Query Snowflake in DuckDB: Cut Dev Costs 80%

Stop burning Snowflake credits on dev queries. Query Snowflake data locally with DuckDB to slash development costs without changing your stack.

TL;DR

Snowflake’s 60-second minimum billing means a 4-second query gets charged for a full minute — you’re paying for 55 seconds of nothing
You can query Snowflake data in DuckDB via two routes: Iceberg tables on S3 (no warehouse needed) or ADBC using Apache Arrow (up to 38x faster than ODBC)
Once data is local in DuckDB, every subsequent query is free — no cloud credits consumed
A hybrid triage approach (short queries → DuckDB/MotherDuck, heavy ETL → Snowflake) cuts BI compute costs by 70–90% in practice
Dev and CI/CD workloads moved to local DuckDB eliminate an entire category of cloud spend entirely

I’ve been building on Snowflake long enough to know the ritual. Warehouse wakes up. Query runs in three seconds. Warehouse idles. You get billed for sixty seconds anyway. Multiply that by every analyst, every BI dashboard refresh, every dbt run in your dev environment — and suddenly you’re staring at a bill that feels completely disconnected from the actual work that happened.

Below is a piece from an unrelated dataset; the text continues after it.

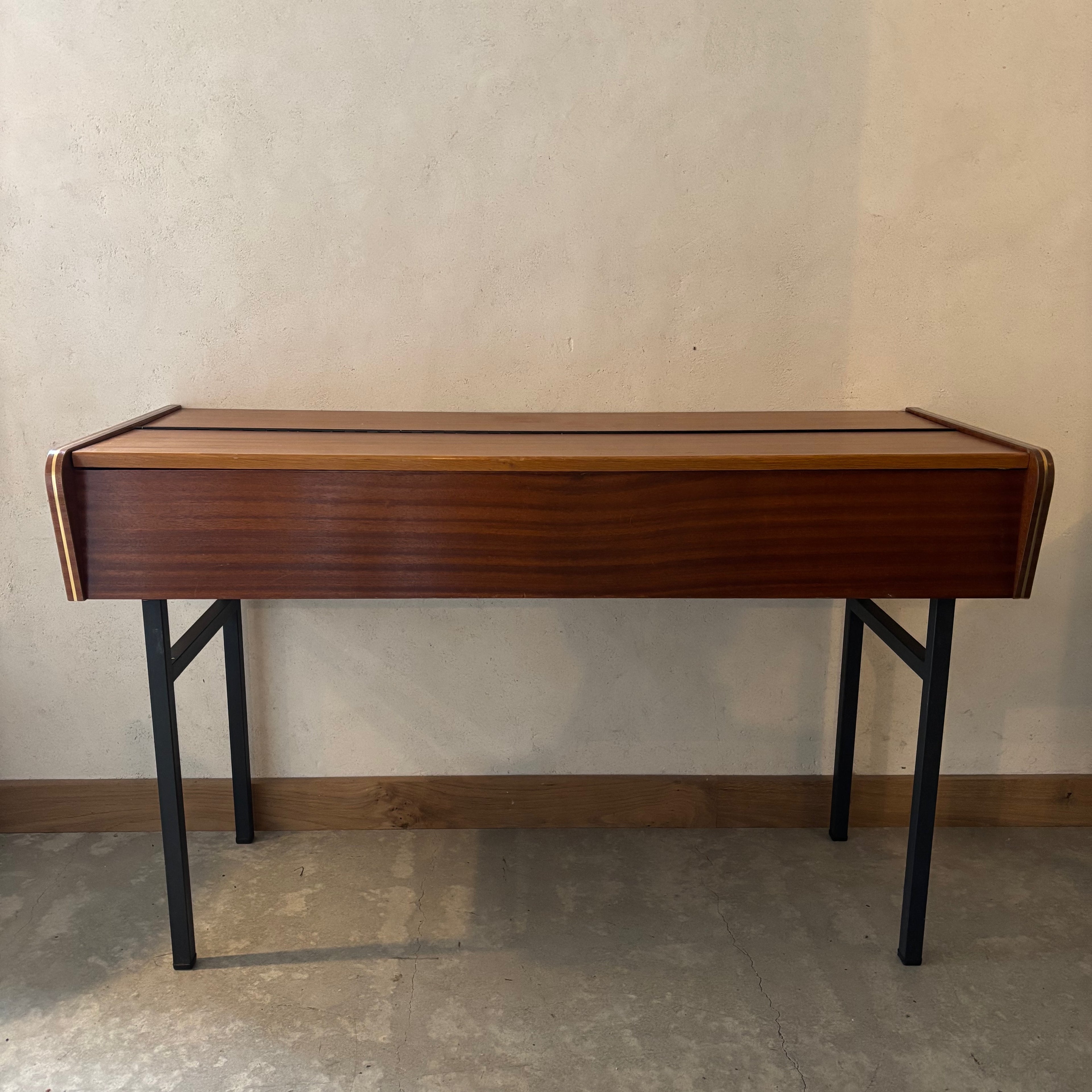 Table console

For a long time I assumed this was just the price of doing business on a best-in-class cloud warehouse. What I didn’t realise — until I started taking DuckDB seriously — is that a meaningful chunk of that bill doesn’t have to exist at all.

This article covers three concrete methods to get Snowflake data into DuckDB, the cost math behind why you’d want to, and how to decide what actually belongs on which engine.

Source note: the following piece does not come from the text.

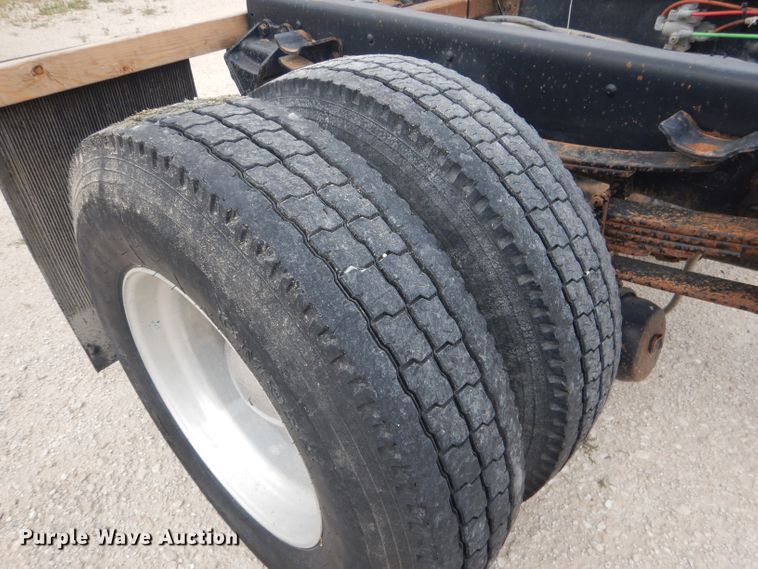 image for item DG5820 1998 Ford L8513 truck cab and chassis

THE REAL PROBLEM: YOU’RE PAYING FOR COMPUTE YOU DIDN’T USE

Snowflake bills compute per second — but only after a 60-second minimum each time a warehouse resumes from suspension. A query that takes five seconds gets billed for a full minute. You paid for 55 seconds of nothing.

It gets worse at scale. When a BI dashboard fires 20 queries on load, each taking three seconds, that single page view triggers 1,200 seconds of billed compute time. The actual work? One minute.

And then warehouse sizing compounds it further. Each size increase in Snowflake doubles credit consumption. Teams defaulting to Medium or Large for everything are paying a 4x to 8x cost premium for workloads that could run perfectly well on X-Small.

I’ve seen this exact pattern on almost every Snowflake environment I’ve worked in. Oversized warehouse, auto-suspend set to ten minutes, no resource monitors, nobody looking at query history.

QUICK WINS INSIDE SNOWFLAKE FIRST

Before touching the architecture, fix the obvious things. These alone can cut spend by 20–40%.

Set AUTO_SUSPEND to exactly 60 seconds. Not lower — setting it below 60 is counterproductive because a query arriving in that first minute triggers another 60-second minimum. Not higher — every idle second past 60 is wasted money.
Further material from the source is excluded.